1. Field of the Invention
The invention relates to system-on-chip (SoC) arrangements and, in particular, to reconfigurable integrated circuits (ICs).
2. Description of the Related Art
The inherent limits of sub-micrometric technology pose new challenges to the world of reconfigurable platforms. The capability of shrinking into silicon very large quantities of transistors permits integration in a single die of very complex functions and features. At the same time, the complexity of last-generation reconfigurable devices is not fully met by the sophistication of the tools used to map applications on these architectures. Users of reconfigurable device platforms must devote significant efforts in “extracting” the maximum expected potential performance levels through “custom” mapping solutions.
Meanwhile, “Do-It-All Devices” are now being considered in order to execute very complex software applications with high performance/energy ratios required. Exemplary of these efforts are, e.g., the papers by N. Tredennick and B. Shimamoto: “You Want One Do-It-All Device. Special Report”, IEEE Spectrum, December 2003 or D. Verkest: “Machine Chameleon”, IEEE Spectrum, December 2003.

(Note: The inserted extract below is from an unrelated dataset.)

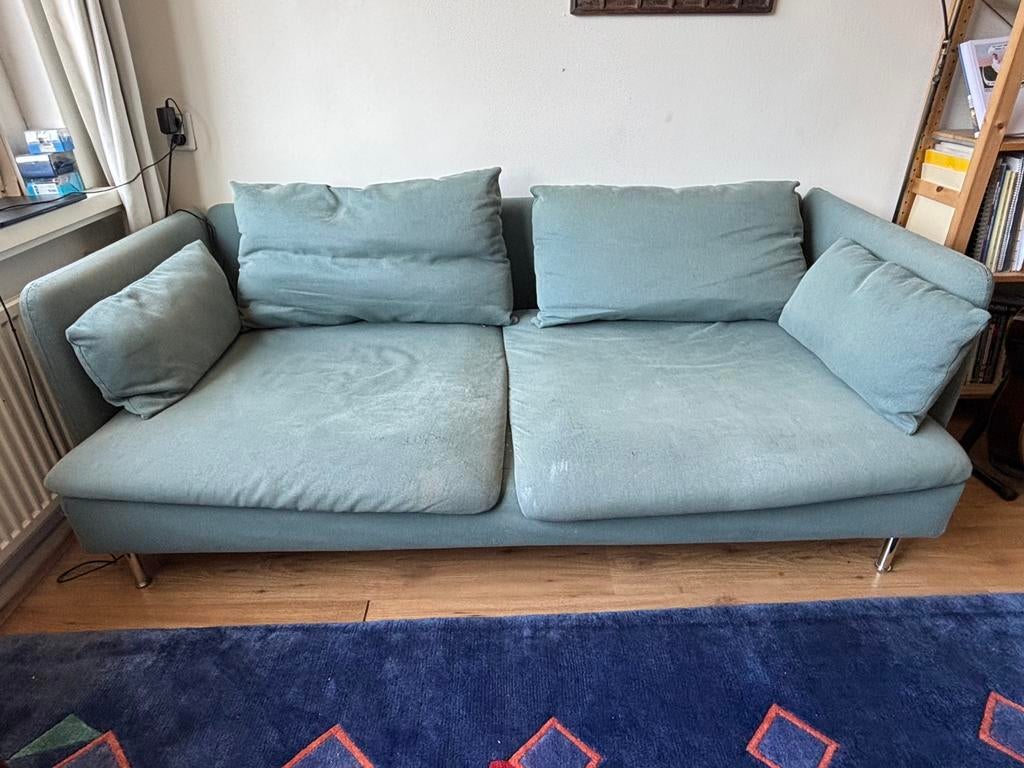 Ikea Soderhamn bank petrol, Huis en Inrichting, Banken | Bankstellen, Ophalen, Gebruikt, 150 tot 200 cm, Driepersoons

A large number of works in the literature deal with the advantages and disadvantages of coarse and fine grain computational resources; see, for instance:                Jonathan Rose, Abbas El Gamal and Alberto Sangiovanni-Vincentelli: “Architecture of Field-Programmable Gate Arrays”, Proceedings of the IEEE. Vol. 81, No. 7, July 1993;        Jack L. Kouloheris, Abbas El Gamal: “FPGA Performance versus Cell Granularity”, Custom Integrated Circuits Conference, 1991, Proceedings of the 1991 IEEE Custom Integrated Circuits Conference, pp. 6.2/1-6.2/4        J. Rose, R.J. Francis, D. Lewis and P. Chow: “Architecture of Field-Programmable Gate Arrays: The Effect of Logic Block Functionality on Area Efficiency”, IEEE Journal Of Solid-State Circuits, Vol. 25, No. 5, October 1990, pp. 1217-1225; or        Satwant Singh, Jonathan Rose, Paul Chow, David Lewis: “The Effect of Logic Block Architecture on FPGA Performance”, IEEE Journal Of Solid-State Circuits, Vol. 27, No. 3, March 1992, pp. 281-287.        
Usually these papers primarily focus on FPGA (Field Programmable Gate-Array) basic blocks by trying to understand for instance, for a given application class, what is the right Look-Up Table (LUT) size or if it is preferable to have arrays of complex logic blocks like Arithmetical Logical Units (ALUs), and so on.

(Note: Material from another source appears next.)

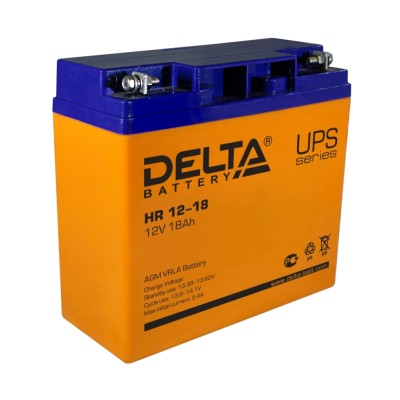 AGM аккумулятор DELTA HR 12-15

More recent works such as, e.g.:                Ken Eguro, Scott Hauck: “Issues and Approaches to Coarse-Grain Reconfigurable Architecture Development”, Proceedings of the 11th Annual IEEE Symposium of Field-Programmable Custom Computing Machines (FCCM'03); or        Anthony L. Slade, Brent E. Nelson and Brad L. Hutchings:            “Reconfigurable Computing Application Frameworks”, Proceedings of the 11th Annual IEEE Symposium of Field-Programmable Custom Computing Machines (FCCM'03)
are based on the common idea that the present scenario for the reconfigurable platforms is more complex, so that a change in the abstraction level is required.
When analyzing a modern DSP application like an MPEG decoder, it becomes immediately clear that the high number of complex computational kernels makes it difficult to say what the right computational granularity could be. Present commercial solutions attempt to cope with the increasing demand for computational power by using hardware solutions involving the fastest available floating point/fixed point DSP devices (still writing down all the software in optimized assembler code) and state-of-the-art microprocessors. Marketing and energy considerations aside, both solutions are obviously able to give to the consumer world the required MIPS/FLOPS.
More to the point, if no specific requirements in terms of, e.g., cost, power consumption, integration, development times are to be complied with, the possibility exists of finding a hardware or software or combination hardware and software platform adapted to support the necessary computational load. For instance, a complex application such as a MPEG4 decoder can be managed by a dedicated SoC, a certain numbers of DSPs or a microprocessor having a sufficiently high clock frequency.
However, a reconfigurable device would offer the advantage of adapting itself in the most effective/efficient way to a specific application within a wide class of applications. The same remarks made in the foregoing generally apply to the prior art arrangements disclosed in patent documents such as, e.g., US-A-2004/0049672, US-A-2004/0143724, now U.S. Pat. No. 7,502,915, US-A-2003/0212853 or US-A-2003/0154357, now U.S. Pat. No. 7,325,123, and specifically, EP-A-1 443 417. This last-cited document discloses a reconfigurable system exemplary of this technology.